I lowered my eyes, digging my nails into my palm. *Stay strong, Lila.*
*Don’t get soft.*
I spent the next couple weeks at home recovering, but didn’t fall behind on my studies. I kept busy, so I wouldn’t think about him.
Soon, it was time for the SAT. My nerves were on edge.
Sitting in the exam room, facing the half-familiar, half-strange test papers, I pushed aside all distractions and focused. This was my shot.
After the last test, as I left the building, I let out a breath. I’d forgotten most of the test questions from my last life, but after all my hard work, I felt like I’d done even better this time. I hoped so, anyway.
I had a real shot at Columbia.
That’s right—in my last life, my scores and application fell just short and I had to settle for another college. This time, I should make it. I wanted it so badly.

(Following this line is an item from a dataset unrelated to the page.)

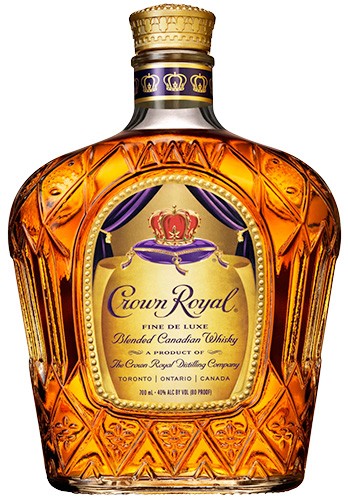 Crown Royal wallpapers, Food, HQ Crown Royal pictures | 4K Wallpapers 2019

My exam room was on the second floor. As I came out, I saw Mason standing below in the sunlight, practically glowing. My heart clenched.
He looked up and caught my eye, and for a moment, everything else faded. I let myself linger on him for a moment before forcing myself to look away. It hurt, but I had to.
This time, we were really going our separate ways. For real.
When decisions came out, I got into Columbia, just as I’d hoped. My mom said Mason got into Northwestern—the school he’d always wanted. I was happy for him, but it felt bittersweet.
This time, he didn’t change his plans for me. I guess that’s how it should be.
All summer, except for the celebration dinner, I didn’t see Mason again. I missed him, even if I pretended not to.